Bottle feeding is not ideal for goats because it encourages dependency on humans and makes them more likely to start shouting whenever someone walks by with a bottle in hand!

Instead, try switching to an automatic feeding system so they don’t become overly attached to getting fed by hand each day.

Don’t Keep Bucks

Bucks (intact males) tend to be much louder than does (females).

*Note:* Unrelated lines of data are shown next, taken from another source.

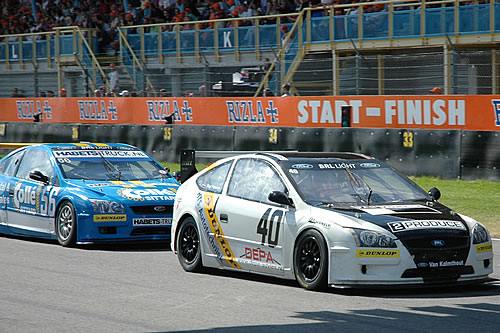 Roy Panman scheurt over het TT-Circuit Assen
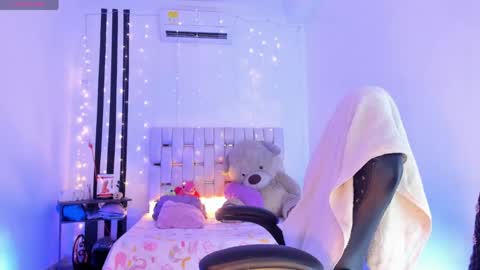 Snapshot of gorgeous_t chatting on May 7, 8:03 pm i am Jessi I love animals and drawing I hope to get along with everyone. XOXO online show from May 7, 8:03 pm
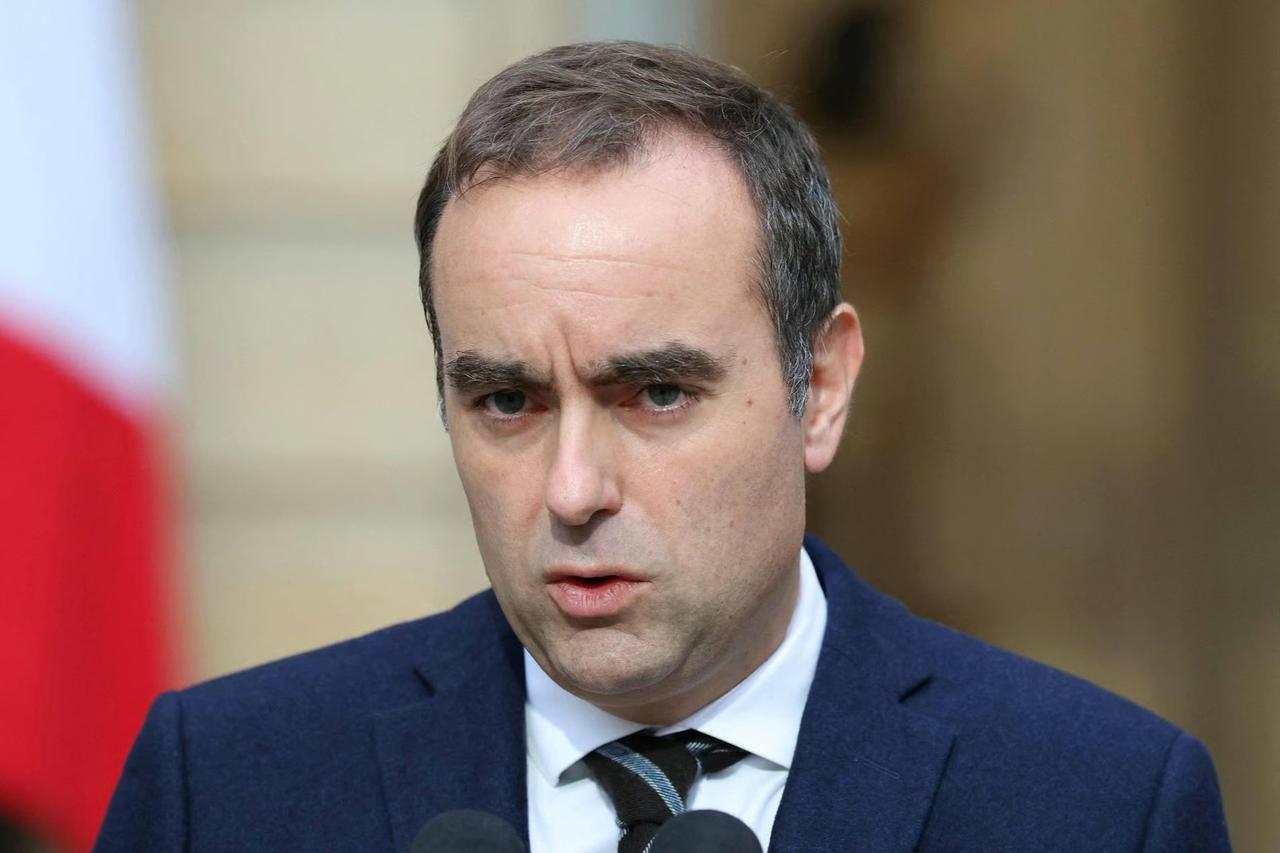 Lecornu kabinesini sunduktan bir gün sonra istifa etti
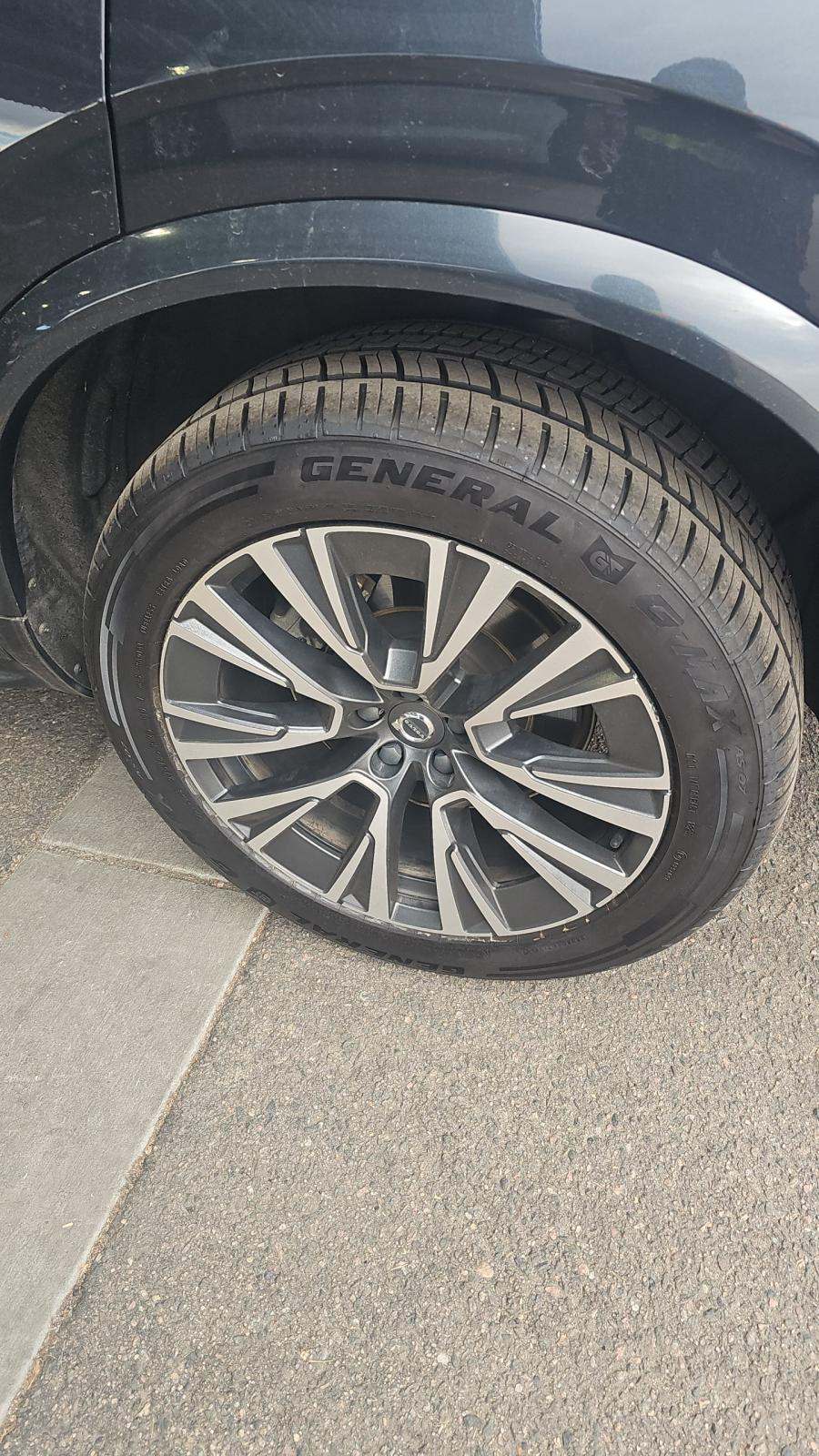 2021 Volvo XC90 Recharge T8 Inscription Expression AWD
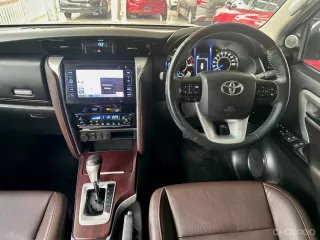 2019 Toyota Fortuner 2.4 V SUV รถบ้านมือเดียว ไมล์ 8 หมื่น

If possible, keep only does in your herd, as they are generally quieter animals who are easier to control than bucks.

Milk Regularly

Milking goats regularly helps maintain milk production while also reducing the noise level in your herd.

The milk lets out some of its excess energy, which would otherwise manifest itself as loud vocalizations. Plus, milking is very calming for your goats.

Inspect Fences to Make Sure They Don’t Get Stuck

Goats have a natural curiosity which often leads them into trouble!

Make sure that all fences around your property are in good condition so that your herd cannot get stuck between two panels or escape through loose gaps in fences.

This could cause excessive noise from the scared animal trying desperately to get out.

Provide Predator Protection

Predators such as coyotes and foxes are always looking for an easy meal which means that if you don’t protect your herd properly, then they could become prey—leading to panicked bleating that carries across far distances.

Investing in predator-proof fencing is essential if you want peace of mind knowing that your animals are safe from harm while also keeping the surrounding area quiet from panicked squeals.

Quietest Goat Breeds: Final Thoughts

Finding a quiet goat breed doesn’t have to be difficult. There are plenty of options available depending on your lifestyle and preferences.

No matter which breed you choose, you can rest assured knowing that all goats will bring plenty of joy into your life without breaking the peace!